Warne also insisted his views on international coaching had not changed even years after his controversial rift with John Buchanan, the former Australia coach.
"The only reason I'm coach is because the Royals don't really have a coach," he said. "I'm just the captain, really. I've got two assistants who do a good job in Darren Berry and Jeremy Snape. Darren looks after practice while I get around and speak to individuals and Snapey floats around, helps guys prepare and does some one-on-one stuff. Captains should always run the cricket. At international level I don't think you need a coach.
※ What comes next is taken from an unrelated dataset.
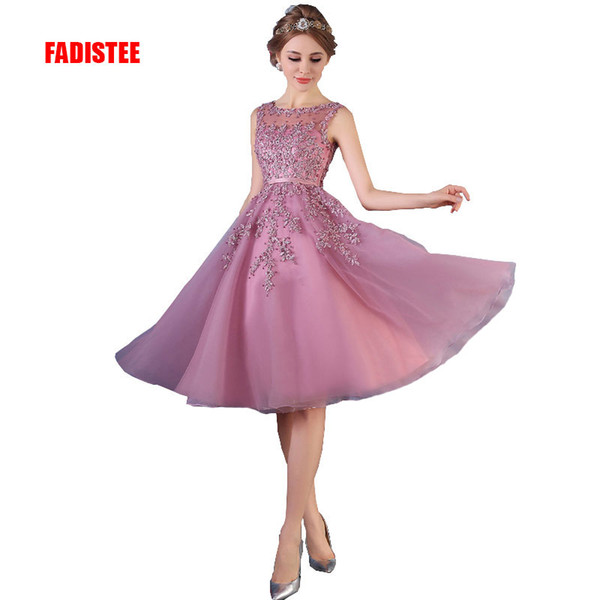 FADISTEE New arrival elegant lace dress evening dresses prom party short sleeveless formal O-neck pattern sexy style see through back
At domestic level you need a coach."
He said he had no regrets about not being Australia captain but added he enjoyed captaincy. "I'd be sitting in a straitjacket in a padded cell if I started regretting everything that happened in my life," he said. "I never chased the captaincy. If I'd had the opportunity it would have been great but I don't look back and think about it. I've captained the Royals, Hampshire, Victoria and Australia in one-day matches. People can see the way I captain. I enjoy being captain and it brings out the best in me."